Wednesday, December 5, 2012

Faith, Doubt, and Biblical Criticism

Derek Newton, “Faith, doubt, and biblical criticism: spiritual survival in the shifting sands.” EQ 82.4 (2010), 326-339.
Newton argues that believers pursuing theological studies will sooner or later “face the challenge of living in the tension between biblical criticism and Christian faith” (339). What he means is that Christian believers will struggle with questions that biblical criticism presents to biblical materials. What should the Christian do? Newton’s paper begins the paper by defining faith, doubt, and biblical criticism and then he looks at the challenges “posed” by biblical and theologies. He provides some “benefits of honest and careful biblical criticism” and strategies with dealing with some of the challenges presented by biblical criticism.
            R. T. France expressed the dilemma of this paper in this way:
“Coming from the warm security of an all-embracing doctrine of the inspiration and authority of Scripture, the evangelical student finds himself all at sea. Can he survive in these waters? Should he be here at all? And if he should be here, has he any hope of making a positive contribution to biblical studies, or is he ipso facto out of the game because he is a conservative, and so will not play according to the accepted rules?” (326)  These are important questions and are applicable to more than just biblical criticism.

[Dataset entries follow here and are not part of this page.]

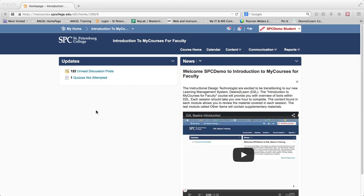Welcome to the Introduction to MyCourses for Faculty. I wanted to give you a little bit of an idea of how to get started with the course and a little bit about how the course is structured. The first thing you should know is that there are 12 learning modules or sessions in this course that will go over all the different kinds of tools that are found within Desire2Learn.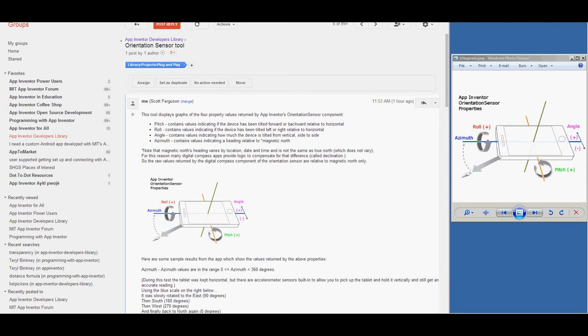Hello again. In this video, I will give an overview of my orientation sensor testing tool. This tool can be used to study how the orientation sensor works or to aid in developing apps that use this sensor.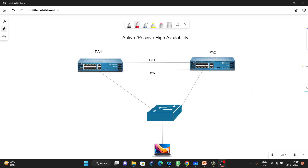Hello everyone. In today's video we are going to discuss active-passive high availability in Palo Alto Firewall. There are two types of HA in Palo Alto: one is active-passive and the second one is active-active. Most customers configure active-passive HA because it is less complex and easier to maintain compared to active-active.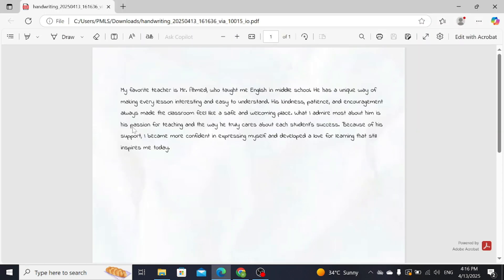You can see that your text has been converted into handwriting format and you can take a print of this.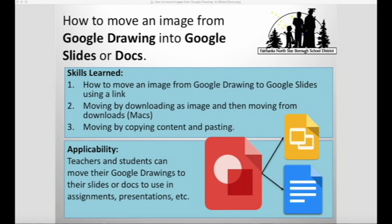This tutorial will go over how to move an image from Google Drawing into Google Slides or Docs. You'll know how to move an image from Google Drawing to Google Slides using a link, moving by downloading an image and then moving it from downloads, and moving by copying content and pasting it. Students and teachers can move their Google Drawings to their Slides or Docs to use them in assignments or presentations.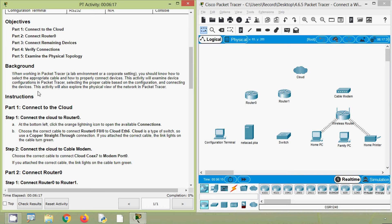Choose the correct cable to connect Router 0 interface FastEthernet 0/0 to Cloud Ethernet 6. Since cloud is a type of switch, use a copper straight-through connection. If you attach the correct cable, the link lights on the cable turn green. We will select copper straight-through, then coming to Router 0, we will select FastEthernet 0/0.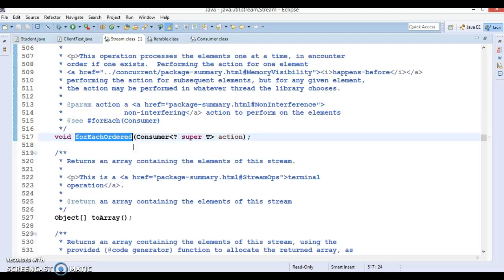The main advantage of using the forEach method is when it is invoked on a parallel stream. In that case you don't need to write extra code to execute in parallel. Therefore, whenever parallel execution could possibly improve the performance of the program, the forEach method should be considered a good option.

            M. J. Brown asserts, “It is possible to develop a love of learning and critical analysis while at the same time deepening your personal faith commitments” (327). Brown is asserting that faith and reason are compatible. It implies that a Christian believer can pursue a life of the mind while pursuing a life of faith.
            Newton defines faith as “a human enterprise-something that we as human beings seek to exercise towards a person or object” (328). He thinks it is misperceived that faith and doubt are “polar opposites.” He thinks some people falsely believe that doubt “equals loss of faith, as if faith and doubt cannot possibly co-exist in the Christian life” (329). The author does a good job in putting the double-minded man of James 1:6-8 in its context. He explains how “James is calling on his readers to ask for wisdom in the midst of trials” (329). Newton insists that James is “saying that faith is a decision and commitment to trust God . . . in spite of the doubts that may be pressing on us through a whole range of circumstances” (330). He does not think James is “issuing a blanket statement condemning all doubt” (330). Newton thinks that the opposite of faith is unbelief, not doubt. He defines unbelief as a “persistent attitude involving deliberate refusal” (330). In addition, Newton notes, “Stubborn, willful and deliberate refusal to believe is what receives condemnation in Scripture, not the genuine doubts with which the people of God struggle in all ages and in varying circumstances. God has invested all his power and work in ensuring the permanence of our faith and his available grace to help us cope with his doubts” (330). Newton believes that God will sustain us by his grace to keep on believing.
            The author thinks that the challenge of biblical criticism concerns “the nature of scripture and the nature of biblical revelation.” He believes the Bible is both human and divine. It did not fall from heaven. Biblical criticism deals with the human dimension of scripture: literary, historical, and hermeneutical. He asserts that biblical criticism “seeks to use every valid means at our disposal to investigate and understand the purpose, meaning and application of the biblical text” (332).
One additional point made in this article that was helpful was his discussion of Fowler’s stages of faith. He notes how Fowler “is convinced that people move through stages of faith during their lives and that one of these stages involves criticism which he argues is not only acceptable but indeed necessary on a journey of faith” (333). It is true that people should move through stages in their faith and struggling with doubts is part of the journey.  Fowler thinks that faith “is a process, rather than a state. He believes as faith matures, it becomes deeper and broader” (333).
            Newton suggests some strategies for navigating the troubling waters of biblical criticism. The first one is that some issues require us to hold a “both/and position.” Some issues are not black and white. Second, we should be “healthy suspicious, skeptical” of “some” scholars, but not all of them who do not share our faith perspective. Third, students and scholars should maintain a strong link to a local church. “This will help keep our feet on solid ground and especially so if we can be involved in an active ministry – a practical outlet of service with ordinary people to help us process the things we are learning” (337). Fourth, we should remember the “past faithfulness of God.” Fifth, we should be “suspicious of new and ground-breaking methodologies” (337). We should draw on the riches of the past and not be blinded by the new. Sixth, we should affirm the sovereignty of God. The author writes that there “are some areas of biblical interpretation in which evangelicals will continue to take different viewpoints” (337).